Price-performance ratio: Stockholm - like most Scandinavian countries - is generally quite expensive. If you are on a budget, you should eat out at lunchtime, because a dish of the day is then much cheaper than a comparable à la carte dish in the evening. Cappuccino in Amsterdam ca. 4 Eur. Cappuccino in Stockholm ca. 4 Eur.
Striking on site:
Surströmming (=fermented herring in a can) is a strongly stinking Baltic herring. A culinary speciality that makes both locals and visitors shudder. Opening the cans preferably takes place outdoors, because the smell is penetrating and unpleasant and is compared by many to rotten eggs and raw sewage.
Cranberry jam is a hit! Similar to ketchup and mustard, cranberry jam is often used as an accompaniment to a variety of dishes, whether sweet or savoury ;)
Here you can enjoy an all-day brunch menu that is also extremely nutritionally conscious and delicious. They serve gluten-free and vegan treats, among other things.
Oaxen Slip is the direct neighbour of Oaxen Krog (two MICHELIN stars) and serves its own interpretation of Swedish bistro cuisine. We went there for my birthday and couldn't help but rave about the location. Super tasty; however, the portions were a bit too small for our taste.
TAK is located in the heart of Stockholm. The restaurant/rooftop bar offers a stunning view over the city. The food reflects modern Scandinavian food culture and the drinks are super tasty. Cool place.

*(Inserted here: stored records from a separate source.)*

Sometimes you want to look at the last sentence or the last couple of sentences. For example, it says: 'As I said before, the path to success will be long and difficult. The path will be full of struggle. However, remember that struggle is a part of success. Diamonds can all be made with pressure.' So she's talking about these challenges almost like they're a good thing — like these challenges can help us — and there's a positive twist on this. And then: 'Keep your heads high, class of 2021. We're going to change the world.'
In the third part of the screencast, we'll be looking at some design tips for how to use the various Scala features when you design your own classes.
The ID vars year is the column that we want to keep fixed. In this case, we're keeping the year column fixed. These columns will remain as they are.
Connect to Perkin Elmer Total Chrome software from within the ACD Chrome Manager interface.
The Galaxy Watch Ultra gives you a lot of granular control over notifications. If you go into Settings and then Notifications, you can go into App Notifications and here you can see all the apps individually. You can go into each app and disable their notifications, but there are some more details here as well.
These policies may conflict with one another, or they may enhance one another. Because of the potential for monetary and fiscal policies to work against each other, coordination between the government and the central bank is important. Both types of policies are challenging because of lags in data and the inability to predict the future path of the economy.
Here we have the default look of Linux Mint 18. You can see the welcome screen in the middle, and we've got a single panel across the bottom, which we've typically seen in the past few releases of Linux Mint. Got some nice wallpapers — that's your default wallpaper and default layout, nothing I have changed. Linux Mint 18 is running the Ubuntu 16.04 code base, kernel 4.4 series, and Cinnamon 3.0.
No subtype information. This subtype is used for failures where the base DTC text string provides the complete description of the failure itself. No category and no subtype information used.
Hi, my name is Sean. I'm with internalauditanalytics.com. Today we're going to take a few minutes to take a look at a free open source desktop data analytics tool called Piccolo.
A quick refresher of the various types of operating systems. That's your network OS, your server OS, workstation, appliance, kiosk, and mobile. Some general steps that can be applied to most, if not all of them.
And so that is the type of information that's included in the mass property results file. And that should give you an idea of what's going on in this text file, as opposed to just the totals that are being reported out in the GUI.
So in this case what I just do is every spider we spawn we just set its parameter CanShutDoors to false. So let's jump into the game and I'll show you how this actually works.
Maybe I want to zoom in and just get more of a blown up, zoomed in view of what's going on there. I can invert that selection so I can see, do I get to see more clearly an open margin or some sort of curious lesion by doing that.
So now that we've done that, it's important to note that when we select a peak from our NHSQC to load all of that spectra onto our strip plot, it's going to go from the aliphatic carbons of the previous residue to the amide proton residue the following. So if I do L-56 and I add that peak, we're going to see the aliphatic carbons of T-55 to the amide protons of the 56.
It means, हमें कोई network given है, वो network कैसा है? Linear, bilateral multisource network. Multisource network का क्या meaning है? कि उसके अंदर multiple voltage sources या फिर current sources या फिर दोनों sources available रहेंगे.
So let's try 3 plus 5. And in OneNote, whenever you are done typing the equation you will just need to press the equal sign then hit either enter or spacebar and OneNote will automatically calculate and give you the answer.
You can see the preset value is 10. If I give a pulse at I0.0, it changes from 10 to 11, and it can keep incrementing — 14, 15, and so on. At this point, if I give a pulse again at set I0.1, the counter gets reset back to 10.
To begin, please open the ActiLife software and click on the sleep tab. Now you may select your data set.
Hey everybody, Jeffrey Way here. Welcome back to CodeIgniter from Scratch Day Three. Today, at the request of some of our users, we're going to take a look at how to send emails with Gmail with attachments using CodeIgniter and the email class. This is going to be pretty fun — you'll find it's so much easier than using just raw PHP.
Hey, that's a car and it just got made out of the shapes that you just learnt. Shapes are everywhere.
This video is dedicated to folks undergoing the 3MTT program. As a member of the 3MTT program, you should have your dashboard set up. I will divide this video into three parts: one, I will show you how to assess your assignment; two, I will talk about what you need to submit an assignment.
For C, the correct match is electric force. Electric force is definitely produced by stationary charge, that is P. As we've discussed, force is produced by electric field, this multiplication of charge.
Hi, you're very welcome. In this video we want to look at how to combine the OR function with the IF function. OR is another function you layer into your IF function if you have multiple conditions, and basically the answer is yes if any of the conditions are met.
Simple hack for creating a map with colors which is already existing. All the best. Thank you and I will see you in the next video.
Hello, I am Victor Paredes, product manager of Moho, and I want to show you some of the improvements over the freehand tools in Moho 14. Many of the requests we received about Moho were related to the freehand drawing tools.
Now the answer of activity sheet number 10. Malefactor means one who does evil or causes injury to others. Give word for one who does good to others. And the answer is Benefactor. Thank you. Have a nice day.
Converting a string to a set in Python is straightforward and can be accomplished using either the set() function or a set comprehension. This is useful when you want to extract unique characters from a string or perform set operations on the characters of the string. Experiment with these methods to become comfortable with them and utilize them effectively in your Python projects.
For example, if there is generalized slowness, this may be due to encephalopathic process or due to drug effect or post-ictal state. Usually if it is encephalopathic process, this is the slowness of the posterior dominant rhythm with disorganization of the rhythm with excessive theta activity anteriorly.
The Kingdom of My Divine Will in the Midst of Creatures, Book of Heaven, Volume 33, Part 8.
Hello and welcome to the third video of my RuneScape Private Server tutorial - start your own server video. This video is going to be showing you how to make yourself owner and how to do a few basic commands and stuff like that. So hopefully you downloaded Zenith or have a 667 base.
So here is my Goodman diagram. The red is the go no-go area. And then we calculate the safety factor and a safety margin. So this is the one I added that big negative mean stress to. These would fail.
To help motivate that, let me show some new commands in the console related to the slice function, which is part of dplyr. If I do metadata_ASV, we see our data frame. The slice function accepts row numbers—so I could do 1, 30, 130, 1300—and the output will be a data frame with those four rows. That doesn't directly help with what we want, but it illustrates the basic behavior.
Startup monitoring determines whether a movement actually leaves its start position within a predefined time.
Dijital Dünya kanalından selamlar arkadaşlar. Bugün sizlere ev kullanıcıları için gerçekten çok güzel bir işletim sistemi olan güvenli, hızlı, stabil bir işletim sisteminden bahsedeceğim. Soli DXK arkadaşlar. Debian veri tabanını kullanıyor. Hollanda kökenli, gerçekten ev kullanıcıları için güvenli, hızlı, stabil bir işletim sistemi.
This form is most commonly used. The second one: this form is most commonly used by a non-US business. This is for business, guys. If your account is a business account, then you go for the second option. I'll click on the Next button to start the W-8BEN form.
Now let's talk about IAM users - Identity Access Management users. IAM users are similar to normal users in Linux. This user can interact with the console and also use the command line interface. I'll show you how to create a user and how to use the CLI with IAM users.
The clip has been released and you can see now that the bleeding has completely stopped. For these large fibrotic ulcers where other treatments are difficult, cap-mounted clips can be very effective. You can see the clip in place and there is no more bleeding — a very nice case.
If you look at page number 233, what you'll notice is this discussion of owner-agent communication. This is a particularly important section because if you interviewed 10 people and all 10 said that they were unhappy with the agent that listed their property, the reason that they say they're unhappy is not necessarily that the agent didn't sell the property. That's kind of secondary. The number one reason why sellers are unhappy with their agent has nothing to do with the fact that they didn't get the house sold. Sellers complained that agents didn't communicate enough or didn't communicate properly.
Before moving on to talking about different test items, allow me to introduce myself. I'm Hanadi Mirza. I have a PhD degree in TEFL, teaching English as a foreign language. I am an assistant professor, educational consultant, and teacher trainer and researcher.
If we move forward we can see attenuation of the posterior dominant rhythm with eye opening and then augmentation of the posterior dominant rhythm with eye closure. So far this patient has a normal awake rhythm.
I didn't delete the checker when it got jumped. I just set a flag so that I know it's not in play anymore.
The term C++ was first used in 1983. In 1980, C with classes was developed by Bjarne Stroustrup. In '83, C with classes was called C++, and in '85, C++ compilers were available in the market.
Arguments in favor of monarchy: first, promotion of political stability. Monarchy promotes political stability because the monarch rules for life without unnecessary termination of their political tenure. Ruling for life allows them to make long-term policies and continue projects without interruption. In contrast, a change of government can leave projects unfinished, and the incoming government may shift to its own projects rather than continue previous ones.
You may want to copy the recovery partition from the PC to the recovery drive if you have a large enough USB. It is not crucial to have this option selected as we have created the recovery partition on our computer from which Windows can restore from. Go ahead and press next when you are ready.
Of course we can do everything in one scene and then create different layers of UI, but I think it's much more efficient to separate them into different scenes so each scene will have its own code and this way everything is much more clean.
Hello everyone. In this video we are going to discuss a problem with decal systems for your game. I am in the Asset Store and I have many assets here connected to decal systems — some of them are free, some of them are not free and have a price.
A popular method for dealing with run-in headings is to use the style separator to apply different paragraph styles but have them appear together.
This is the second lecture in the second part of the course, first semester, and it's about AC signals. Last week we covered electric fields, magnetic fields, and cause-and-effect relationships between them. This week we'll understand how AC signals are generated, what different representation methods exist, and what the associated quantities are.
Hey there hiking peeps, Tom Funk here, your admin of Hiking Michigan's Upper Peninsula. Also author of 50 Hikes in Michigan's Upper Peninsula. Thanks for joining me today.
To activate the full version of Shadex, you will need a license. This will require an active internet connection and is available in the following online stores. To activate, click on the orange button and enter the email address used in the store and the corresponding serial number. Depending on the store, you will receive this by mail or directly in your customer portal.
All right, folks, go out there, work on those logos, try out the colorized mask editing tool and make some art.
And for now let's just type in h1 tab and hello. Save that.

It's hard to find accommodation that's NOT super stylish. ;) Stockholm is - especially in terms of hospitality - my dream come true. We opted for accommodation not directly in the centre and were rewarded with great design in a casual atmosphere.
My conclusion: I came for the meatballs. I liked the freshness of the ingredients, and as I reminisce, I'll think of the city's stylish vibe and fika custom.
Note: I paid for my stay on site including accommodation, entrance fees and food myself. This is what my recommendations and tips refer to. This article is not subject to any cooperation.